[RESOLVED] Basic search to return all _types is returning incomplete data?


(Chris Neal) #1

Hello all,

I've just noticed that ES search queries are not returning complete data anymore. It could be related to my upgrade from 1.5.2 to 1.6.0, but maybe not. I'm not sure what has changed that would cause this.

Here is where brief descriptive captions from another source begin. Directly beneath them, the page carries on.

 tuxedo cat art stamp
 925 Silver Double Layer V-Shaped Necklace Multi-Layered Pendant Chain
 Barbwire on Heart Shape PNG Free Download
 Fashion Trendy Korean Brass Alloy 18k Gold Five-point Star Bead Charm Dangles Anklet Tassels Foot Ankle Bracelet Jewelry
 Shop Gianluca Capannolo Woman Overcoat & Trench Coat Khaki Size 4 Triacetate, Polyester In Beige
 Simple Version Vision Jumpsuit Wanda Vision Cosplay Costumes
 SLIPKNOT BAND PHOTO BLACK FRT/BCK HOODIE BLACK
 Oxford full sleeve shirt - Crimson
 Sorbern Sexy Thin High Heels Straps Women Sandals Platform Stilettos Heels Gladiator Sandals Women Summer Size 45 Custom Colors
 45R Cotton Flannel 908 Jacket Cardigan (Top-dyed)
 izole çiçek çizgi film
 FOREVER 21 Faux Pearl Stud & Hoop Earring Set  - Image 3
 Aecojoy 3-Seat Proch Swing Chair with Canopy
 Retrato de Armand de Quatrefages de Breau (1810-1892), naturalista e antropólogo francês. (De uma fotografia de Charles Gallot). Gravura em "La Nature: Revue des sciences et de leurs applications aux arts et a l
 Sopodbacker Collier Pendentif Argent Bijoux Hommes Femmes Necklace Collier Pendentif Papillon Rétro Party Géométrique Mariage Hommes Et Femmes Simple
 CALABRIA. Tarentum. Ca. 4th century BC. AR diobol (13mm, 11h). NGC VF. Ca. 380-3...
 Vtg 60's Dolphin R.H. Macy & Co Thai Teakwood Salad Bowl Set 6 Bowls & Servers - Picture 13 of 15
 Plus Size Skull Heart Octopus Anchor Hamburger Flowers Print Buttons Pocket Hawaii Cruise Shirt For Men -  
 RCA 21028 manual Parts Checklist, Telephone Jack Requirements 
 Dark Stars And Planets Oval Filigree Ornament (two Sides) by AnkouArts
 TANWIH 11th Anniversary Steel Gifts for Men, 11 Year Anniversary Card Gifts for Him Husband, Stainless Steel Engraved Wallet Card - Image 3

I have an index with 3 _types that I validate by querying the mapping API:

{
  "myindex-20150706" : {
    "mappings" : {
      "hotel_avail_dwarf4bookingcomplugin" : { mapping snip.... },
      "http_access_dwarf4bookingcomplugin" : { mapping snip.... },
      "perf_dwarf4bookingcomplugin" : { mapping snip..... }
    }
  }
}

When I send this basic query to ES:

curl -XGET 'http://myhost:9200/myindex/_search?pretty ' -d '{
  "facets": {
    "terms": {
      "terms": {
        "field": "_type",
        "size": 100,
        "order": "count",
        "exclude": []
      },
      "facet_filter": {
        "fquery": {
          "query": {
            "filtered": {
              "query": {
                "bool": {
                  "should": [
                    {
                      "query_string": {
                        "query": "*"
                      }
                    }
                  ]
                }
              },
              "filter": {
                "bool": {
                  "must": [
                    {
                      "range": {
                        "@timestamp": {
                  "from": 1436192919014,
                  "to": 1436196519014
                        }
                      }
                    }
                  ]
                }
              }
            }
          }
        }
      }
    }
  },
  "size": 0
}'

I only get one type returned:

{
  "took" : 5379,
  "timed_out" : false,
  "_shards" : {
    "total" : 6,
    "successful" : 6,
    "failed" : 0
  },
  "hits" : {
    "total" : 361249580,
    "max_score" : 0.0,
    "hits" : [ ]
  },
  "facets" : {
    "terms" : {
      "_type" : "terms",
      "missing" : 0,
      "total" : 29362,
      "other" : 0,
      "terms" : [ {
        "term" : "perf_dwarf4bookingcomplugin",
        "count" : 29362
      } ]
    }
  }
}

When I query the index status API, it tells me that I have 369183728 documents in the index, so I know there is more data than what is coming back from my query, presumably in the _types that are not being returned.

curl -XGET 'http://myhost:9200/myindex-20150706/_status?pretty' | less
{
  "_shards" : {
    "total" : 12,
    "successful" : 12,
    "failed" : 0
  },
  "indices" : {
    "myindex-20150706" : {
      "index" : {
        "primary_size_in_bytes" : 51574050317,
        "size_in_bytes" : 103209014450
      },
      "translog" : {
        "operations" : 3068301
      },
      "docs" : {
        "num_docs" : 369183728,
        "max_doc" : 369183728,
        "deleted_docs" : 0
      }, (snip....)

This is very strange, and I'm wondering if it might be a bug? Or maybe something funky in the mapping? I honestly don't think any mapping has changed though, and this used to work as expected.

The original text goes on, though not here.